* _Task description_
The material below holds pictures, which are to be left out; copy exactly the lines from the one with "YasmienAtos – webcam" through the one with "ゴルフ練習場には、5つの打席".

* _Available records_

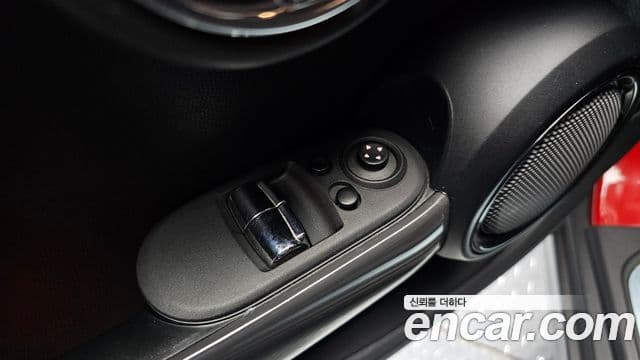 Mini Cooper D 3세대, 2015 17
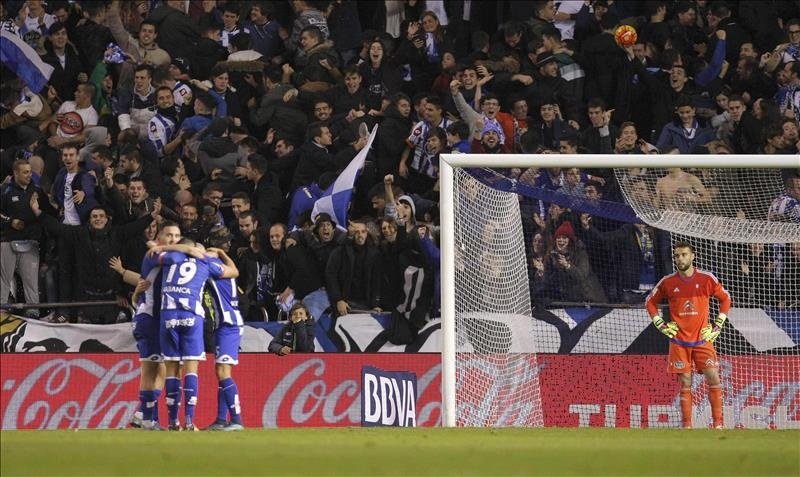 Los jugadores del Deportivo celebran el segundo gol del equipo, durante el partido de Liga de Primera División que Deportivo y Celta disputan esta noche en el estadio de Riazor, en A Coruña. EFE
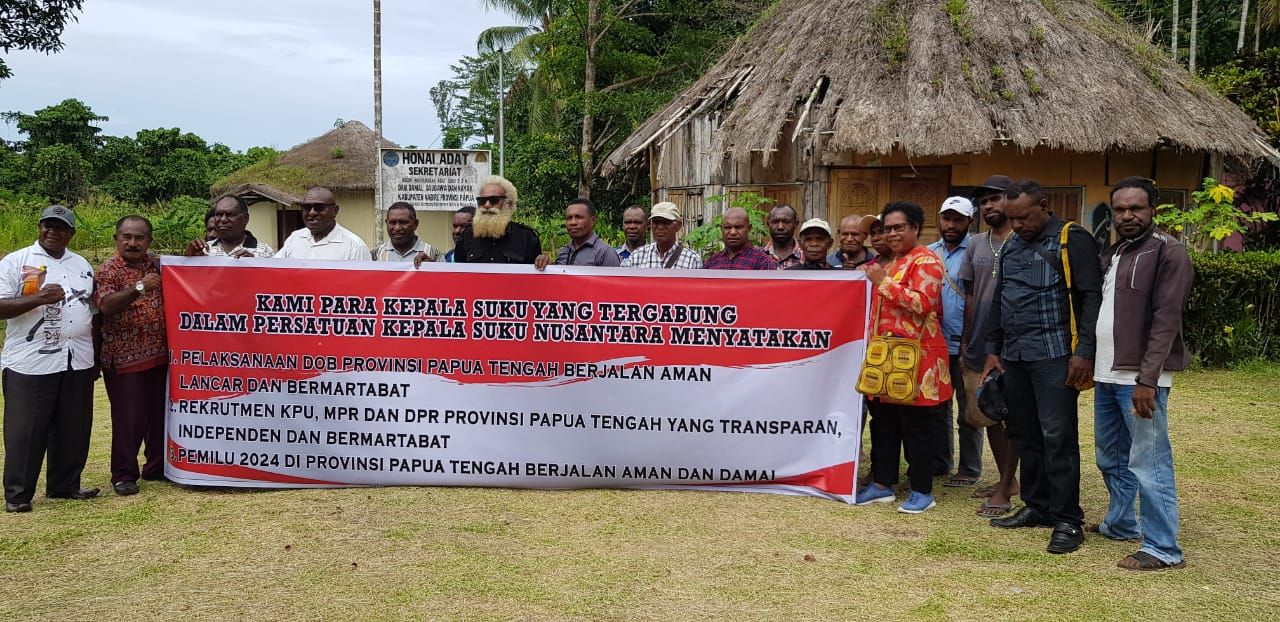 Kepala suku D3N (Dani, Damal, Dauwa dan Nabire) Ayub Wonda (tengah baju hitam) berfoto bersama persatuan kepala suku nusantara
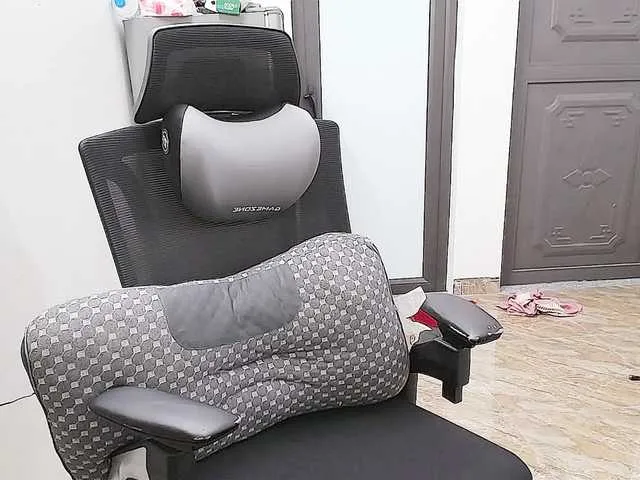 YasmienAtos – webcam model profile photo Image 13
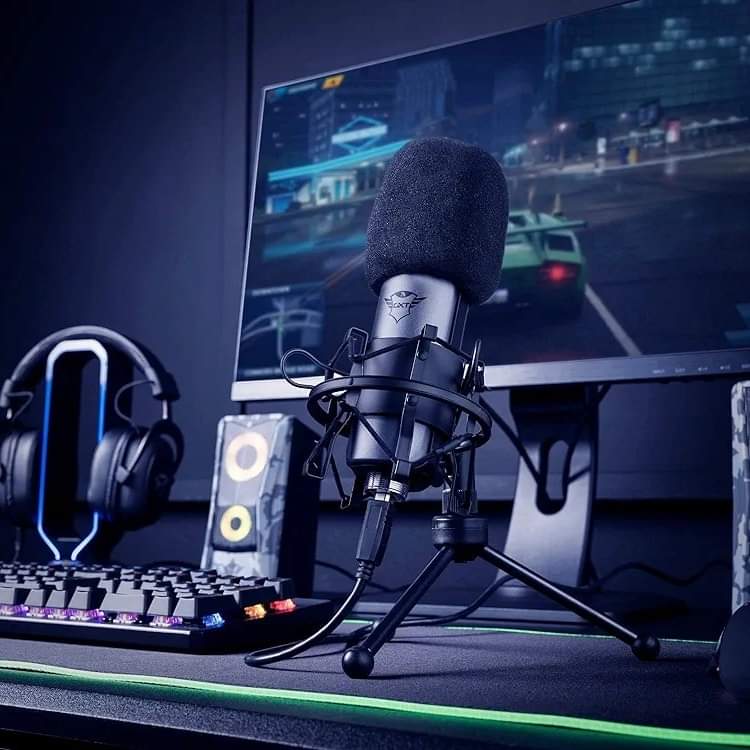 TRUST LANCE STREAMING MICROPHONE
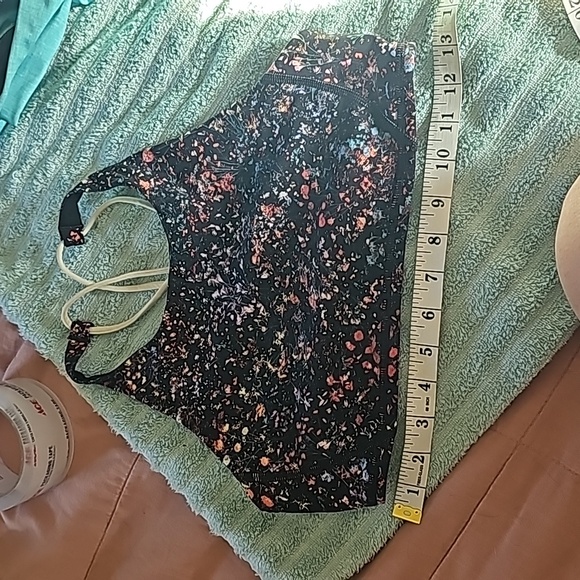 STUNNING LULULEMON FREE TO BE SPORTS BRA - Picture 7 of 9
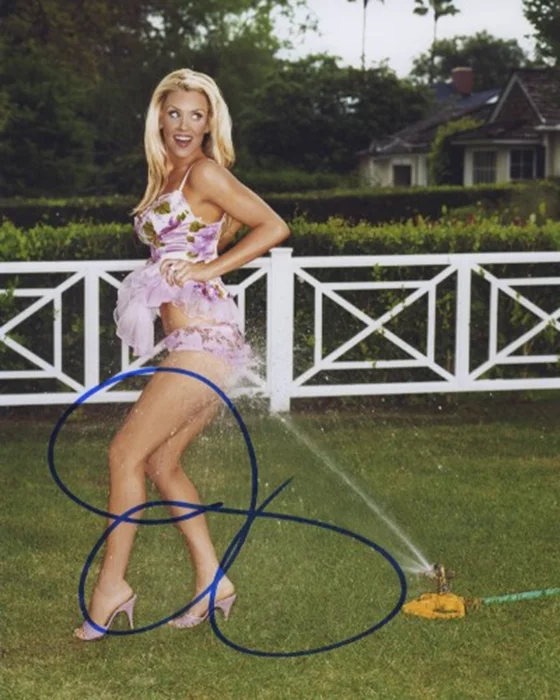 Jenny McCarthy autograph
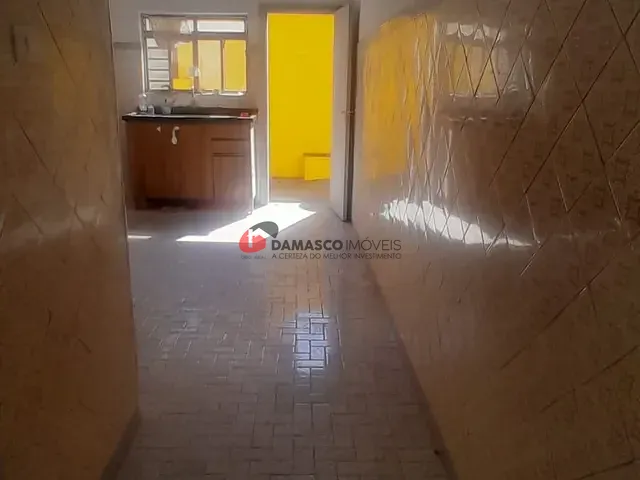 Casa com 50m² 1 quarto e 1 banheiro, para alugar, no bairro Barcelona em São Caetano do Sul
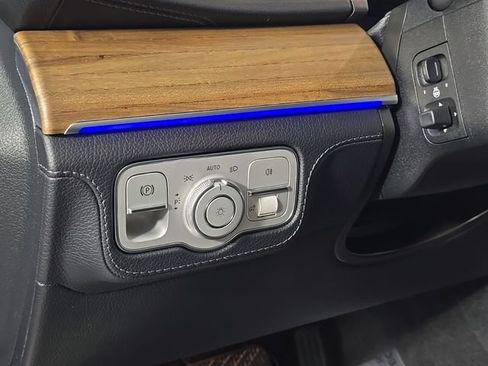 Certified 2021 Mercedes-Benz GLE 450 4MATIC image 18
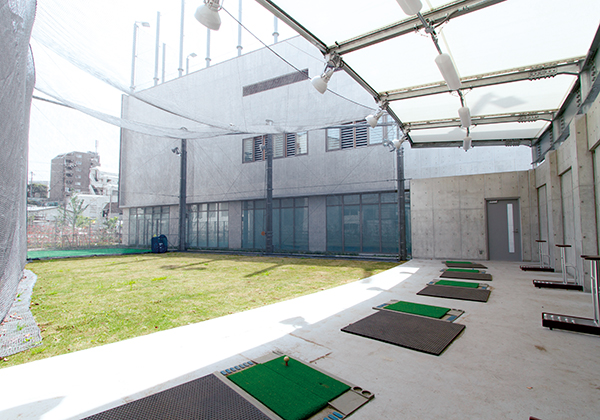 ゴルフ練習場には、5つの打席があるショット練習用スペースと、パッティング練習ができるグリーンがあります。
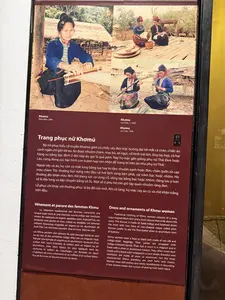 その下には、プルオーバー式のブラウスを着用する。袖はタイトで、襟は丸く、前はスリットが入り、銀のボタンが一列に並んでいる。ブラウスは通常、赤い糸の縁取りとポンポンで装飾されている。袖はタイ・デン族またはラオ族の女性によって縫われる。また、藍染めの綿布でできたヘッドスカーフを着用し、様々な模様が刺繍されている。スカートとブラウスの他に、黒い絹のターバンや、籐の枠が付いた円錐形の帽子も着用する。既婚女性は通常、髪を頭頂部でシニヨンにまとめ、銀、骨、または象牙で作られたかんざしで留める。未婚の女性はうなじでシニヨンを結う。時には銀の腕輪や色のついた糸で髪を結ぶこともある。彼女たちの装飾品は非常に豊かで多様である。銀やアルミニウム製のネックレスがある。胸には銀のシャトレーン（腰飾り）や鎖を着ける。時には、色とりどりのポンポンや小さな鈴を付けた胸当てを体に巻くこともある。クム族の儀礼用の服装は非常に豪華で、精巧に織られている。祭りの際には、布製のバッグを持ち、白いヘッドスカーフを頭に巻く。彼女たちは、丸い襟、タイトな袖、前開きで銀のボタンが一列に並んだブラウスを着用する。このブラウスはしばしば赤い縁取りとポンポンで飾られる。袖はタイ・デン族またはラオ族の女性によって作られる。クム族の女性はまた、藍染めで様々なモチーフが刺繍された綿のターバンも着用する。スカートとブラウスの他に、黒い絹のヘッドバンドと籐の骨組みを持つ円錐形の帽子も着用する。彼女たちは髪を頭頂部でシニヨンにまとめ、銀、骨、または象牙のかんざしで留める。未婚の若い女性はうなじにシニヨンを結う。時には銀のブレスレットや色のついた糸で髪を留めることもある。彼女たちの装身具は豊かで多様であり、銀またはアルミニウムのネックレス、ペンダント付きの長いネックレス、銀のチェーンから成る。時には、様々な色のポンポンや鈴で飾られた胸当てを着用することもある。クム族の儀式用の衣装は非常に豪華で洗練されている。祭りの際には、布製のバッグと白いターバンを着用する。彼女たちは、丸い襟、タイトな袖、前スリットがあり銀のボタンの列で閉じられるプルオーバー式のブラウスを着用する。ブラウスはしばしば赤い縁取りの線とポンポンで装飾される。袖はタイ・デン族またはラオ族の女性によって織られる。クム族の女性はまた、様々な模様が刺繍された藍染めの綿のヘッドスカーフも着用する。スカートとブラウスの他に、黒い絹のターバンと籐の枠を持つ円錐形の帽子を持っている。既婚女性は髪を頭頂部でシニヨンにし、銀、骨、または象牙で作られたピンで留める。未婚の少女はうなじにシニヨンを結う。時には、銀のブレスレットや色のついた糸を使って髪を結ぶこともある。彼女たちの装飾品は豊かで多様であり、銀またはアルミニウムのネックレス、シャトレーン、銀のチェーンなどが含まれる。時には、色とりどりのポンポンや小さな鈴で飾られた胸当てを着用することもある。クム族の儀式用の服装は非常に豪華で、精巧に織られている。祭りの際には、布製のバッグを持ち、白いヘッドスカーフを着用する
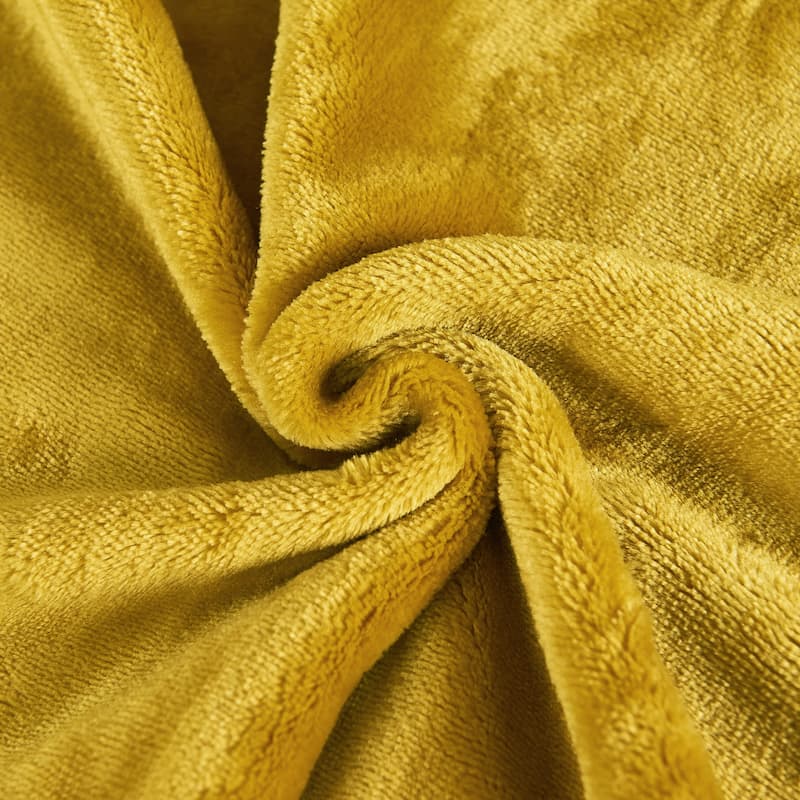 Christmas Solid Flannel Fleece Throw Blanket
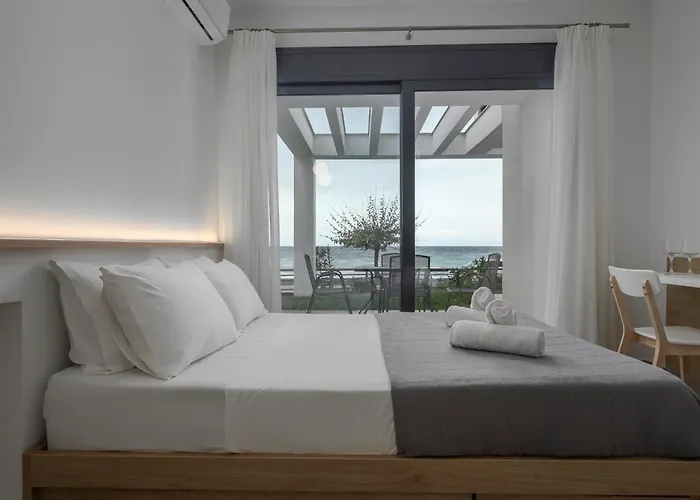 Cavo Blue Coastal Living * Polychrono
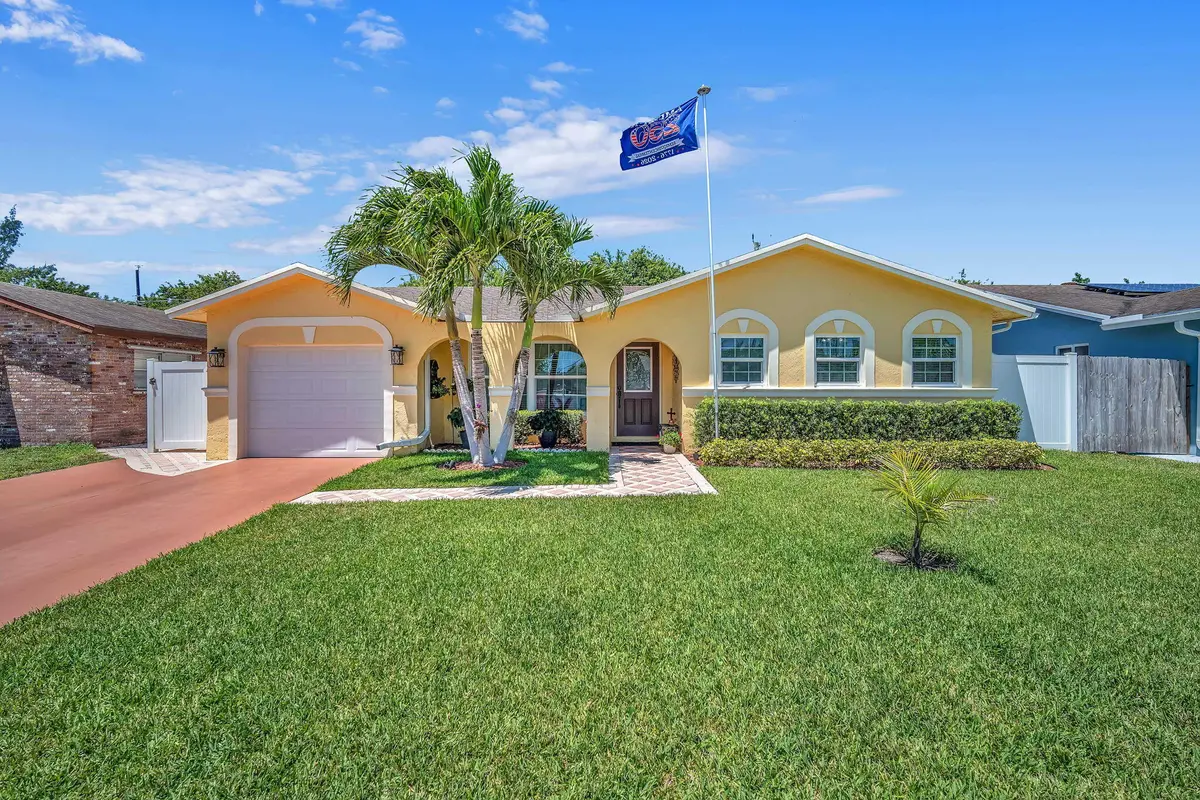 16-web-or-mls-DSC06484 at 9341 SW 1st Place, Boca Raton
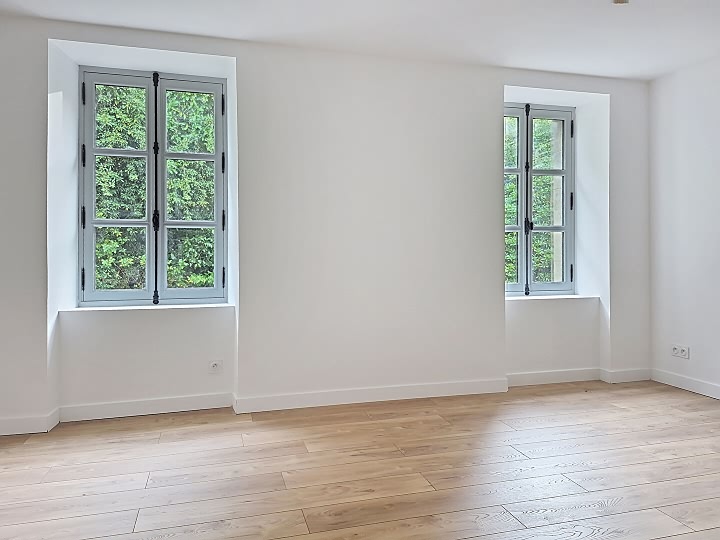 4 bed stone house for sale near Peer
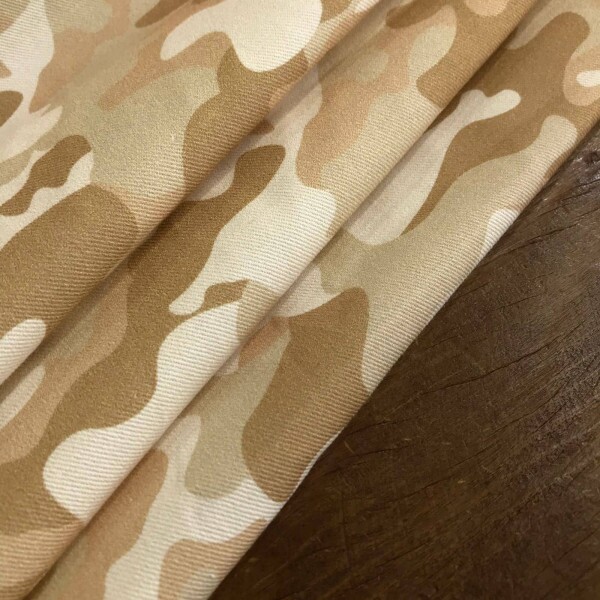 Brim Camuflagem Caramelo e Off White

* _Answer for the task_
 YasmienAtos – webcam model profile photo Image 13
 TRUST LANCE STREAMING MICROPHONE
 STUNNING LULULEMON FREE TO BE SPORTS BRA - Picture 7 of 9
 Jenny McCarthy autograph
 Casa com 50m² 1 quarto e 1 banheiro, para alugar, no bairro Barcelona em São Caetano do Sul
 Certified 2021 Mercedes-Benz GLE 450 4MATIC image 18
 ゴルフ練習場には、5つの打席があるショット練習用スペースと、パッティング練習ができるグリーンがあります。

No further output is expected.